Two months after the terrorist attacks on Charlie Hebdo, the French satirical magazine and a Jewish supermarket in Paris, the far-right party has cemented its standing as the most dynamic political force in a frightened and frustrated country; its 46-year-old leader now regarded as a possible winner of the presidency in 2017. Polls place the FN ahead of the centre-right UMP and ruling Socialist parties in the first round of this month’s local elections, with one giving it about 33 per cent of the vote.
As the French elections approach, you’ll be hearing a lot of nonsense from the Left about “neo-Nazism,” right-wing crazies, etc. And it’s true that under Jean-Marie le Pen, Marine’s father, the Front edged a little too close to anti-Semitism for comfort. But to hear her talk, she’s moving away from that:
To detoxify the FN’s brand, she has distanced herself from anti-semitic comments made by her father and party founder, Jean-Marie Le Pen, who has described the gas chambers as “a detail” of the second world war. There are times, she says, when she and her father disagree. “But I am the president of the National Front and he’s the honorary president. I determine the . . . line.”

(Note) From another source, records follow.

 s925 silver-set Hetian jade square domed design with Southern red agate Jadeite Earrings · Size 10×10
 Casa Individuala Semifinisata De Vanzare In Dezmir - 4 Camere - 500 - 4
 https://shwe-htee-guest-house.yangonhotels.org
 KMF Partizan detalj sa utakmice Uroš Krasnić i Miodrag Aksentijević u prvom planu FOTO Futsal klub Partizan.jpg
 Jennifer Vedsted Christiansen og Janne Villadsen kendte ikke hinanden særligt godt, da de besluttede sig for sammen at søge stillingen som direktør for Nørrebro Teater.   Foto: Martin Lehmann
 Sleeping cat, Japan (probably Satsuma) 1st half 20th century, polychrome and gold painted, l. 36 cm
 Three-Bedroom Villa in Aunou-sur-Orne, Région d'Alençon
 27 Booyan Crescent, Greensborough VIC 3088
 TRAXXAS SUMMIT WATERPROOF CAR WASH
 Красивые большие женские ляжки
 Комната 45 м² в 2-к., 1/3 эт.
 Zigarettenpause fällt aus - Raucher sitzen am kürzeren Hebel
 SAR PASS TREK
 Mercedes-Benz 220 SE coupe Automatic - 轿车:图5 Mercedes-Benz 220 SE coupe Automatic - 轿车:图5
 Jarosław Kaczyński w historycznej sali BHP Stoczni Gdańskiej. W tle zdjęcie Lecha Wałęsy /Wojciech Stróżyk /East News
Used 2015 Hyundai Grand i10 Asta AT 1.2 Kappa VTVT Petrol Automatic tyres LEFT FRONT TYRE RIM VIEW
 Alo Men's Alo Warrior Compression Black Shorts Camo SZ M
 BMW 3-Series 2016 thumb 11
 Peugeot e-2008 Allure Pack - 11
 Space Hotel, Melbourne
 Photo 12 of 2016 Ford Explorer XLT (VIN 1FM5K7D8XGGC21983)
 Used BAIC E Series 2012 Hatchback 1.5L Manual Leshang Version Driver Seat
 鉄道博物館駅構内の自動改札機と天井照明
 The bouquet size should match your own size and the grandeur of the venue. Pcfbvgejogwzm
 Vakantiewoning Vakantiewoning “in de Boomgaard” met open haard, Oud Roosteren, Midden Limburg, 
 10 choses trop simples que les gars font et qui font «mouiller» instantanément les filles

In any case, the Left has brought this upon itself. The mass importation of culturally alien Muslims into the heart of Europe was bound to have some consequences and here they are, chickens coming home to roost.
She sneers when asked to judge the government’s plan to tackle homegrown jihadism, rattling off her own list of hardline measures, including a zero-tolerance policy towards attacks on French secularism, enforcement of French-speaking preachers in mosques and stripping dual-nationality jihadis who fight abroad of their French citizenship. Going further, Ms Le Pen also wants a radical overhaul of French foreign policy in which relations with the regime of Syrian president Bashar al-Assad would be restored and those with the likes of Qatar and Turkey, which she alleges support terrorism, reviewed.
She calls the US “the most discredited power in the [Middle East] region” and says it cannot be seen as a partner in the global struggle against jihadis. Instead, defeating the Islamic State of Iraq and the Levant, the group known as Isis, will only be achieved by involving Russia.
She’s got that right, at least. You don’t have to agree with every plank in le Pen’s platform to see that she will be a formidable candidate. Especially now that the National Front is on track to become the largest political party in France. Bonne chance!